Court decision to permit offshore exploratory drilling projects in Newfoundland and Labrador
Three environmental groups have appealed a court decision which permits offshore exploratory drilling projects in Newfoundland and Labrador to proceed.
In its decision, the Federal Court upheld the federal government’s regional assessment of exploratory oil and gas drilling in the province’s offshore waters. The court ruled that the assessment’s final report did not contain any material deficiencies and therefore, could not be set aside on that basis.
The court also upheld a regulation exempting future exploration drilling activities in the region from further scrutiny under the Impact Assessment Act of 2019. It held that the regulation met the “hallmarks of transparency, justification and intelligibility” and was “justified in light of the relevant factual and legal constraints.”
On January 11, lawyers from Ecojustice Canada, representing the Sierra Club Canada Foundation, World Wildlife Fund Canada and Ecology Action Centre, filed the appeal with the Federal Court of Appeal.
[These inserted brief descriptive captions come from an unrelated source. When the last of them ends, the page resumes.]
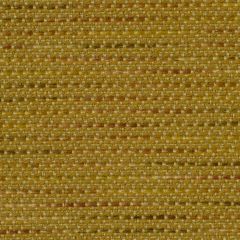 Robert Allen Right Combo Hay Essentials Collection Indoor Upholstery Fabric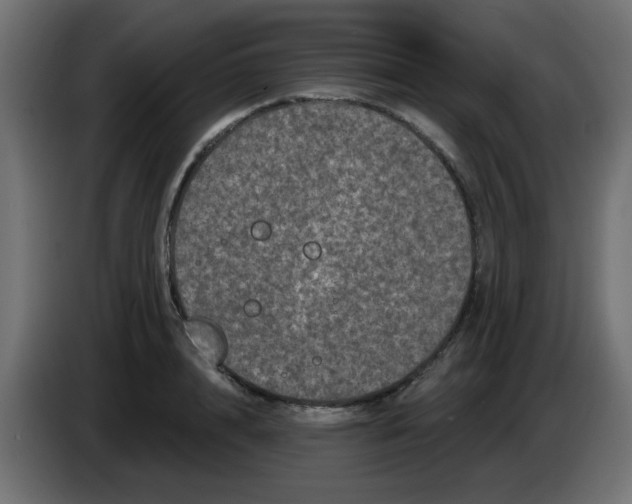 X0000083570848200703021745
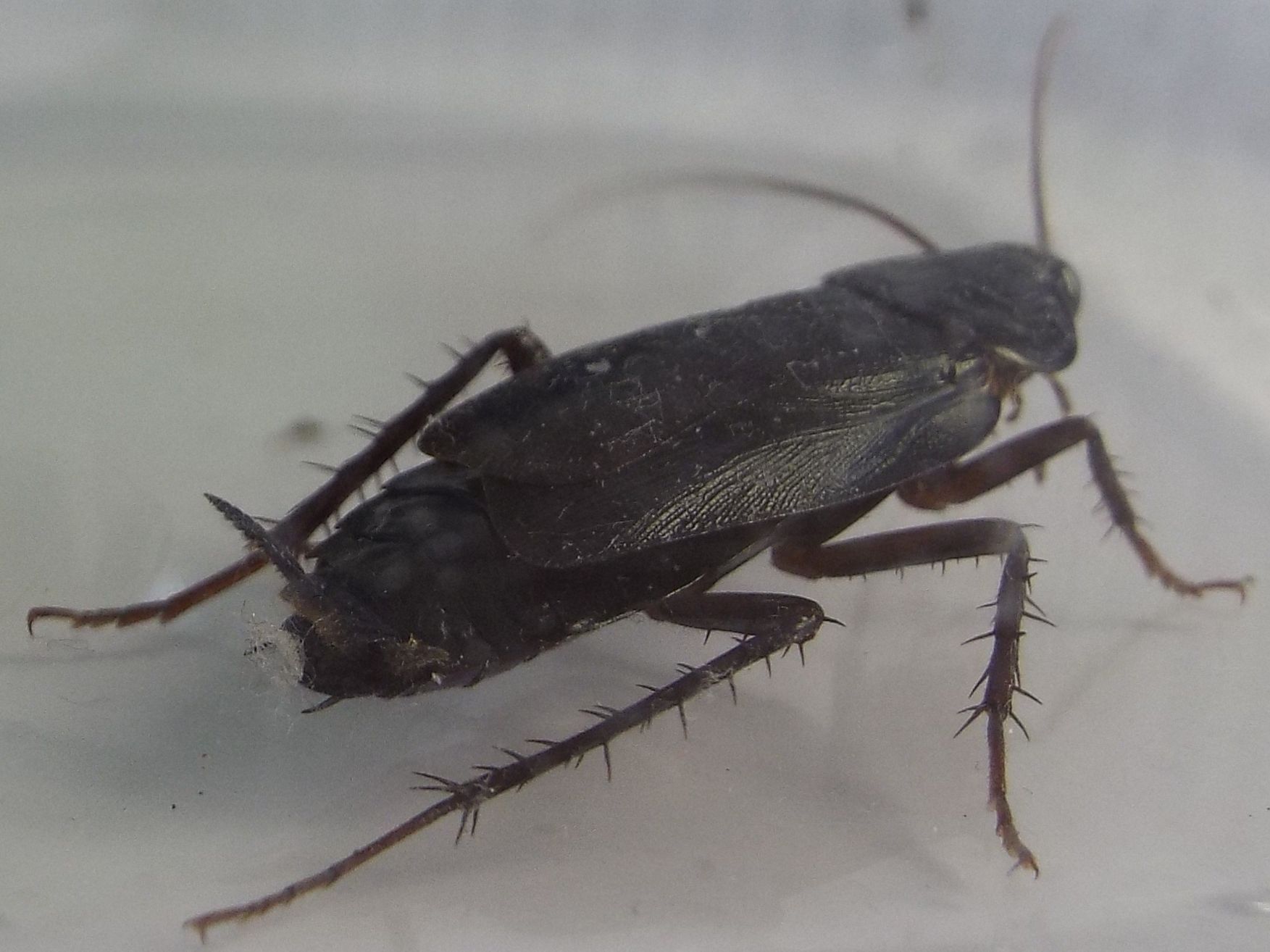 Blatta orientalis Linnaeus, 1758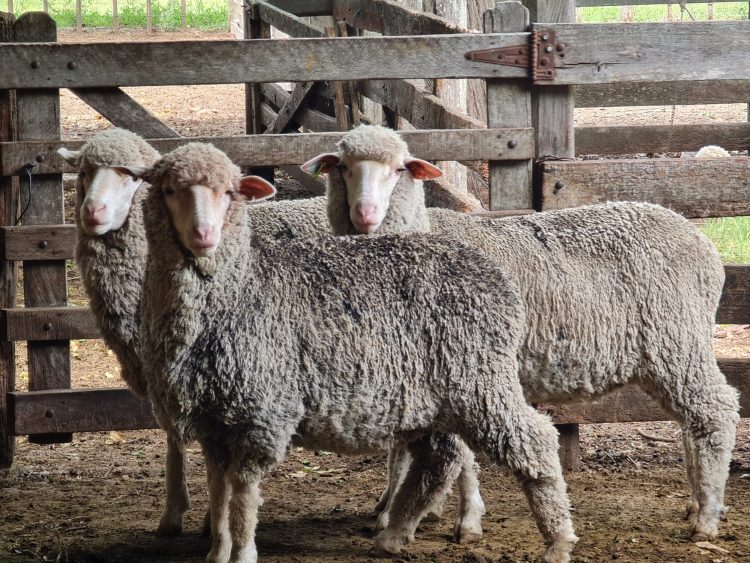 A Uruguay le falta aprender cómo consumir carne de ovino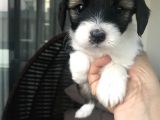 Terrier Yavrular Yeni Evlerine Gitmeye Hazırlar
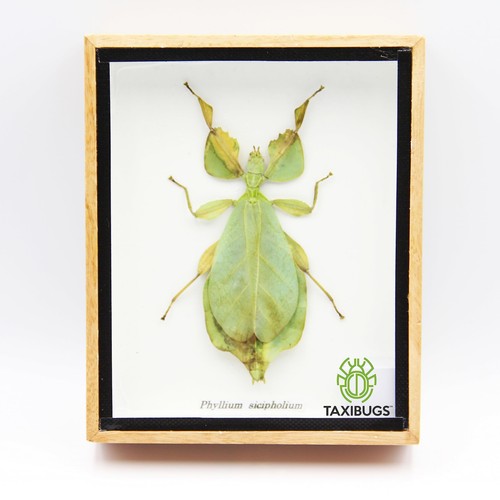 Leaf insect phylium - insect,
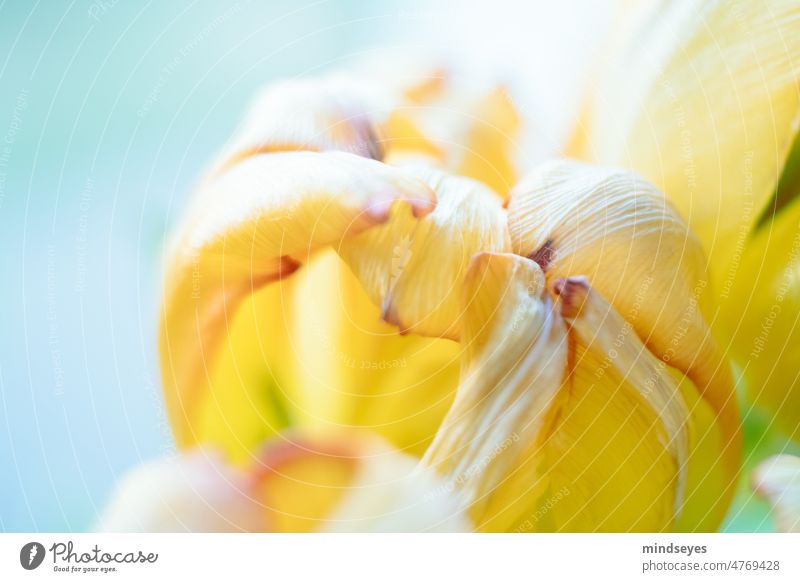yellow tulip macro shot Tulip Flower Blossom Spring Yellow Turquoise Abstract Close-up Nature Colour photo Blossoming Bouquet Illuminate variegated Hope texture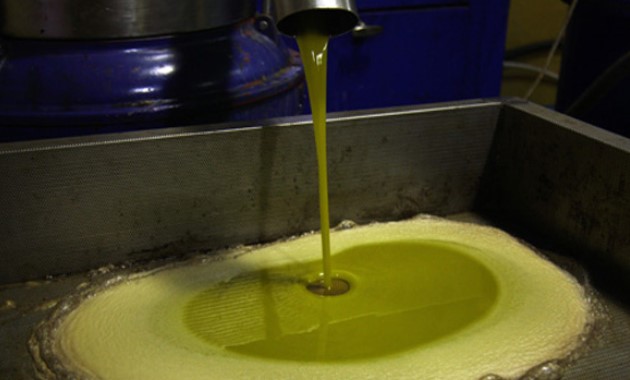 Oléiculture : Les producteurs marocains vers une récolte record de 200 000 tonnes
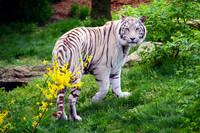 Nashville Zoo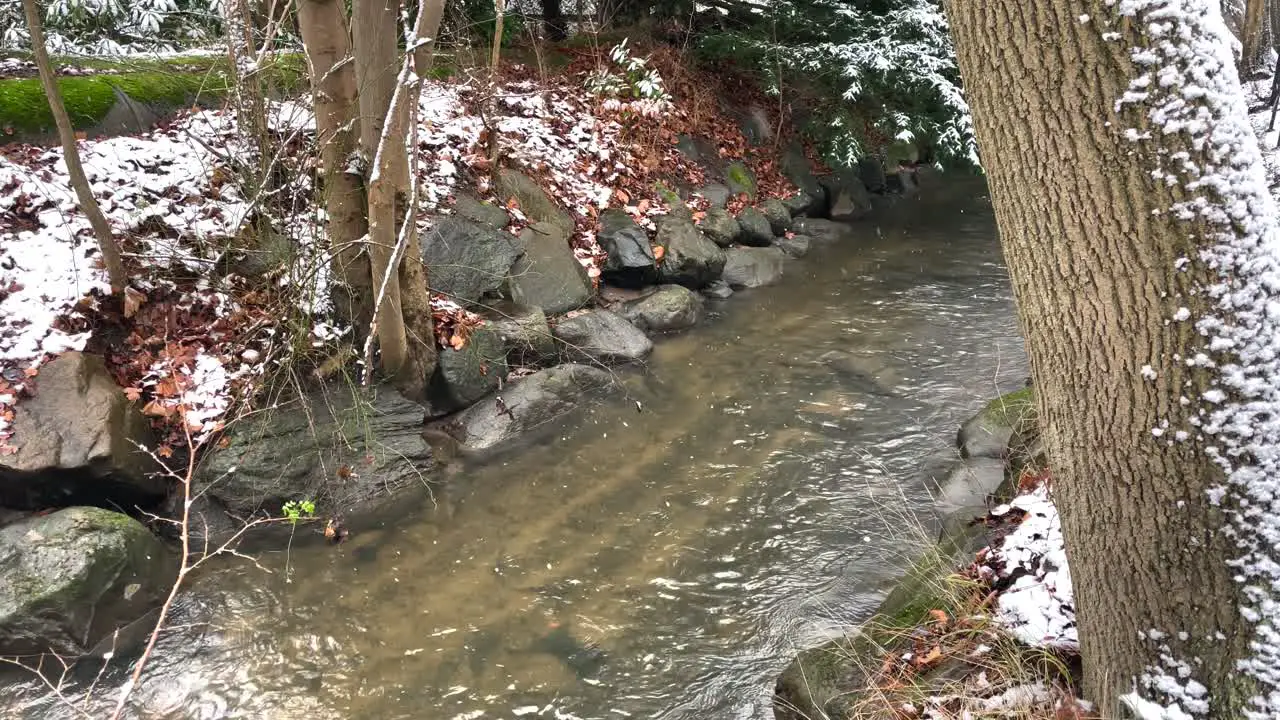 snowing outside on river in park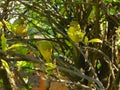 A Family of Weaver Birds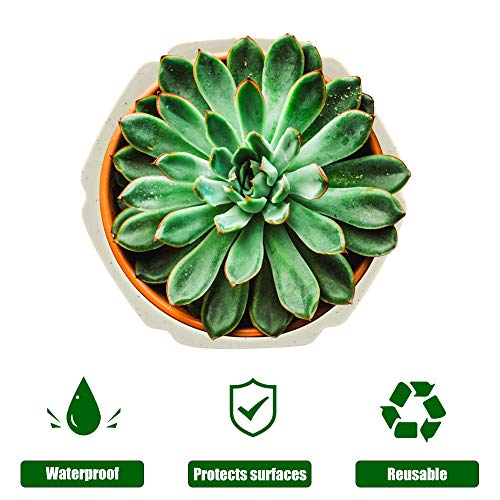 foxany 4 inch Plant Saucers 12Pcs, Durable Plastic White Plant Dri...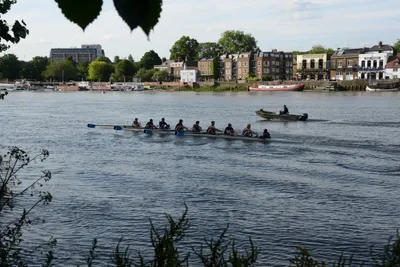 DSC_2504 (Large).JPG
In a released statement, Ecojustice said that the assessment did not meet legal requirements for failing to consider the cumulative effects of all exploratory drilling projects in the province. It also said that the assessment sets a “poor and dangerous” precedent for future regional assessments, which could otherwise be a promising protective mechanism under the Impact Assessment Act.
Ecojustice also warned that the increased exploration activity in the province puts marine ecosystems at risk and threatens Canada’s ability to reach net-zero emissions by 2050.
“To address the climate and biodiversity crises, Canada needs impact assessment laws that provide the highest standard of environmental protection,” said Jordy Thomson, Ecology Action Centre senior marine coordinator. “We are appealing this decision to strengthen the Impact Assessment Act and help safeguard sensitive Atlantic marine life.”